Retorno às minhas fotografias e em específico, agora as fotografias de minha avó, não mais presente ninguém além de mim e dela, uma fotografia que fui descobrir só depois de sua morte, a qual me fez reviver de forma arrebatadora o passado, não aquele  momento, obviamente, mas lembrança de momentos que compõem aquele, na imagem, é possível entender a situação, quase rotineira de brincadeira, revivo esse sentimento maternal que ela tinha por mim, quase como um abraço no vazio espacial da lembrança. A partir da imagem, tudo vem como uma avalanche de memórias. A rotina quando das vezes que dormia em sua casa, e momentos fugazes como o café da manhã antes mesmo do primeiro passo fora da cama.

Interessante pensar que diversas fotografias ficaram esquecidas na casa depois de sua morte, quase como se quisesse esquecer o que fora aquela família ou mesmo aquela senhora. De fato, foi um momento conturbado dada a situação litigiosa posterior. Porém não me fugiu a análise de que esse esquecimento, aparentemente ocasional, ameaçou apagar diversos momentos registrados em fotografias e guardados por ela em vida com a mesma solenidade da estante da minha tia avó.

Esse interesse pela fotografia, justamente relaciona nossa intenção de salvaguardar a memória, de modo que a imagem pensante, acionando Etienne Saiman, articula diversos pensamentos através de sua existência, claramente por suscitar uma ou várias memórias. 

“Sem chegar a ser um sujeito, a imagem é muito mais que um objeto: ela é o lugar de um processo vivo, ela participa de um sistema de pensamento.

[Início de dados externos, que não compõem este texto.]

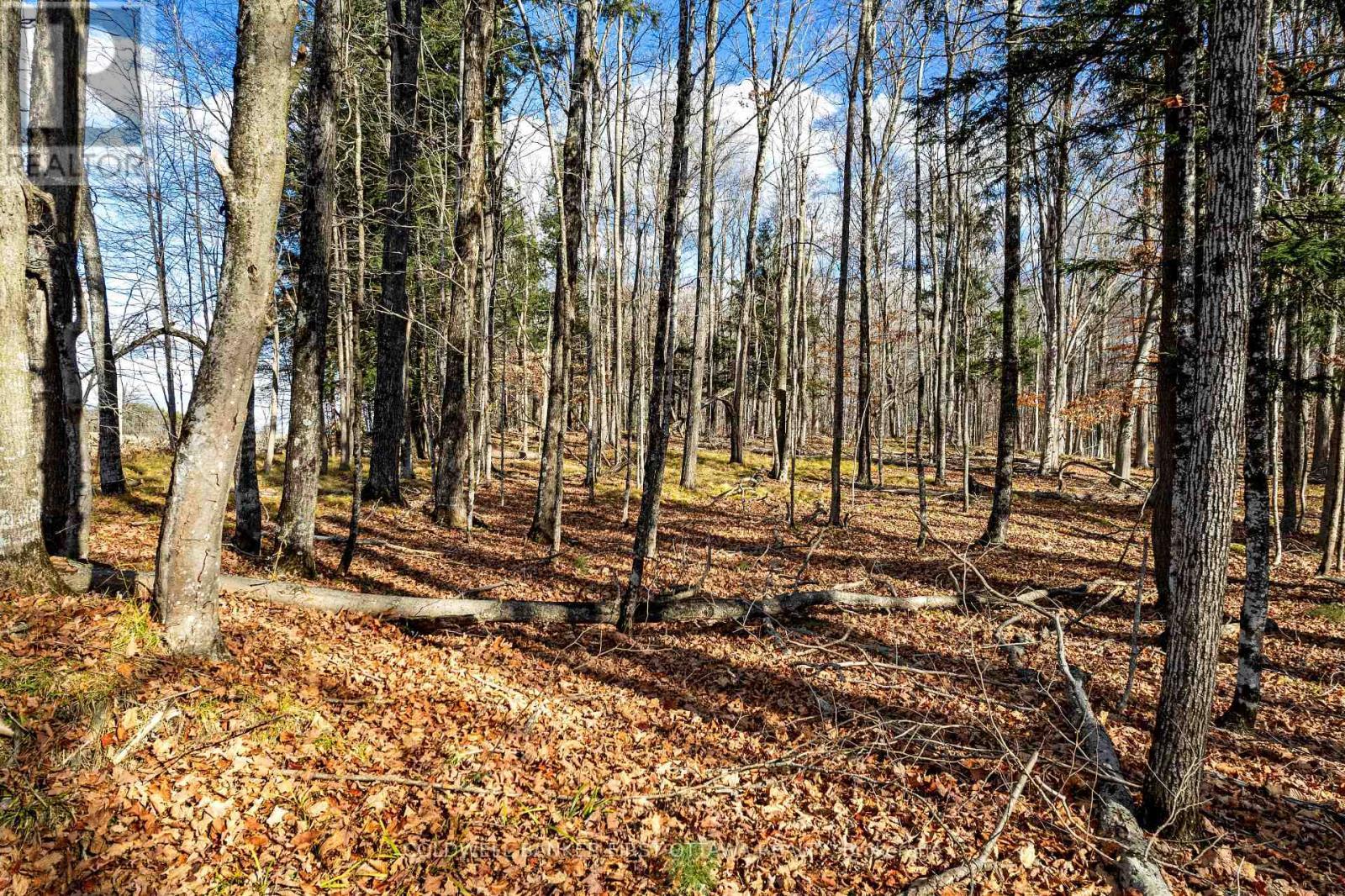 Pt 3-00 Herron Mills Road, Lanark Highlands, ON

A imagem é pensante.” (SAIMAN, 2012)

Retorno então para Barthes, com uma passagem que ilustra bem esse quase retorno que a fotografia nos põe por meio das lembranças múltiplas nela congeladas:

“ao contemplar, uma foto em que ela me aperta nos braços, quando eu era pequeno, posso despertar em mim a doçura do crepe da China e o perfume do pó-de-arroz.[…] E, diante da foto, tal como no sonho, é sempre o mesmo esforço, o mesmo trabalho de Sísifo: subir, tenso, até à essência, voltar a descer sem a ter contemplado e recomeçar.” (BARTHES, 2015 p.75).

Logo, percebe-se que a atração da fotografia com a memória é algo relacionado e de certo modo esperado quando trata-se de imagens com relação a quem as vê. Essa relação se torna mais forte quando feito esse exercício. Afinal a fotografia se ocupa do congelamento de um momento. 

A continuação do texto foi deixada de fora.